Schlacht an der Feststiege ist passè

Seit Desiree Treichl-Stürgkh 2008 das Amt der Opernball-Organisatorin übernommen hat, schreiten die Besucher des legendären Wiener Opernballs über einen Roten Teppich in das ehrenwerte Haus am Ring. Die Schlachten der Fotografen an der Feststiege haben so ein Ende gefunden. Waren es in den ersten Jahren die österreichische Staatsspitze und die damaligen Schauspiel-Größen wie die Wessely, Matz oder Nicoletti, die sich die Ehre auf der Feststiege gaben, so sorgte seit 1992 Baumeister Richard "Mörtl" Lugner alle Jahre wieder für den einen oder anderen handfesten Skandal mit seinen meist weiblichen Stargästen. Seine "Opernballspenden" kamen nicht immer bei allen gut an, konnte doch das eine oder andere IT-Girl den früheren Hollywood-Größen wie Fay Dunaway oder der italienischen Diva Sophia Loren nicht das Wasser reichen. In diesem Jahr hat Lugner mit dem ehemaligen Kinderstar Brooke Shields eine vergleichsweise unaufgeregte bezahlte Ballbegleitung gefunden.
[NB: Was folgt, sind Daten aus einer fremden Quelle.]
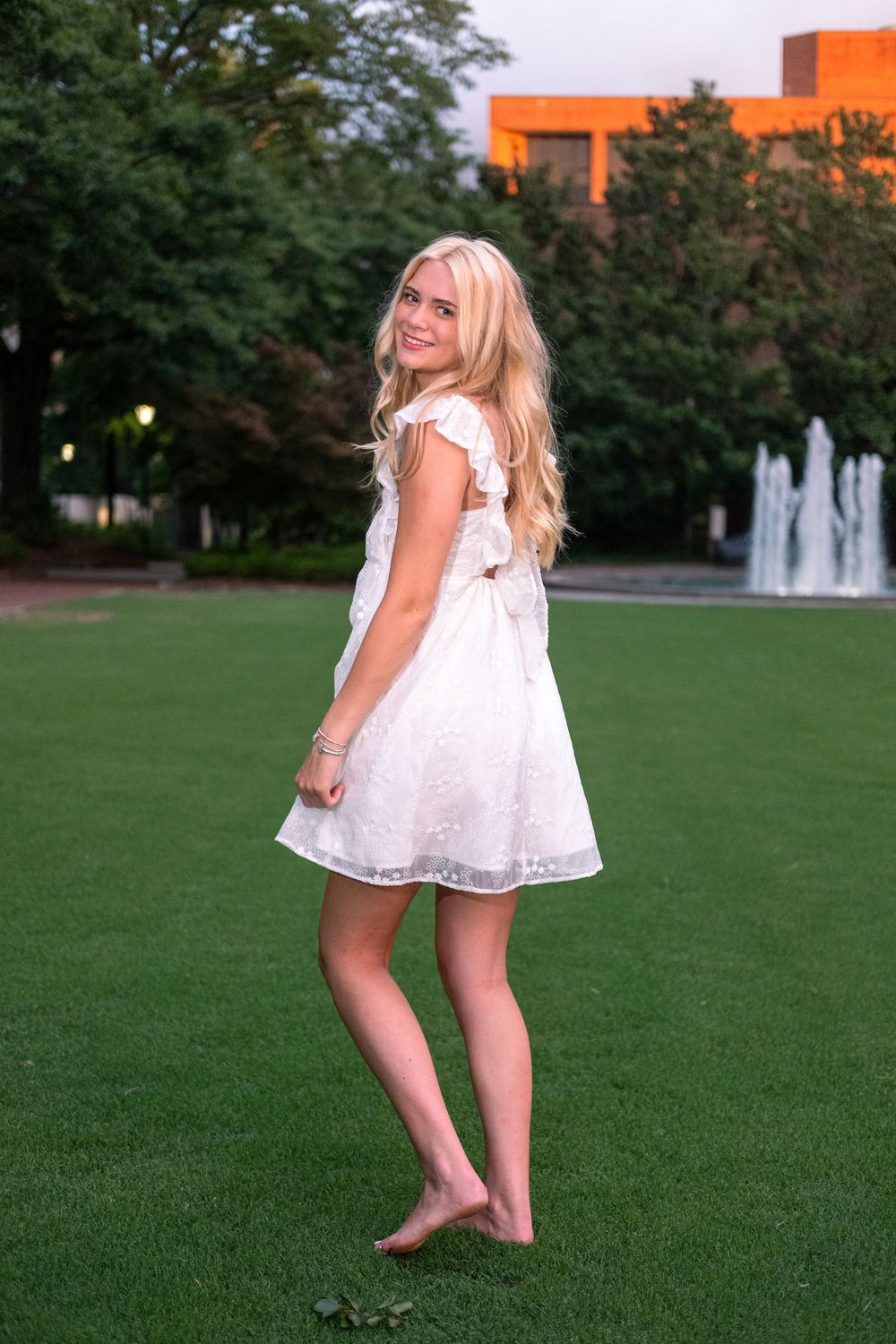 Young blonde woman in white lace dress standing barefoot on green grass near fountain.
60 Jahre Opernball: "Ganz Wien tanzt"

Die Geburtsstunde des weltweit bekannten Balls reicht in die Zeit des Wiener Kongresses im Jahr 1814 zurück, kein Wunder, hieß es doch schon damals: "Der Kongress tanzt". Erstmals fand im Jahr 1877 der erste Ball als "Hofopern-Soirée" am heutigen Schauplatz - der Staatsoper am Ring - statt. Am 9. Februar 1956 wurde der Höhepunkt der Wiener Ballsaison das erste Mal in der Zweiten Republik veranstaltet, erst kurz nachdem die zerbombte Staatsoper wiedereröffnet werden konnte.

Organisiert wurde der Ball jahrzehntelang von Christl Schönfeldt, ab 1981 übernahm Lotte Tobisch und ab 1999 Elisabeth Gürtler das Zepter. Hatte Gürtler noch Größen aus Wirtschaft und Politik nach Wien geholt, so machte sich ihre Nachfolgerin Desiree Treichl-Stürgkh daran, den Opernball zu "entstauben". Einige Neuerungen prägten den Ball, plötzlich gab es Bars, Eisstände und Opernball-Drinks, gefeiert wird neuerdings bis fünf Uhr morgens.  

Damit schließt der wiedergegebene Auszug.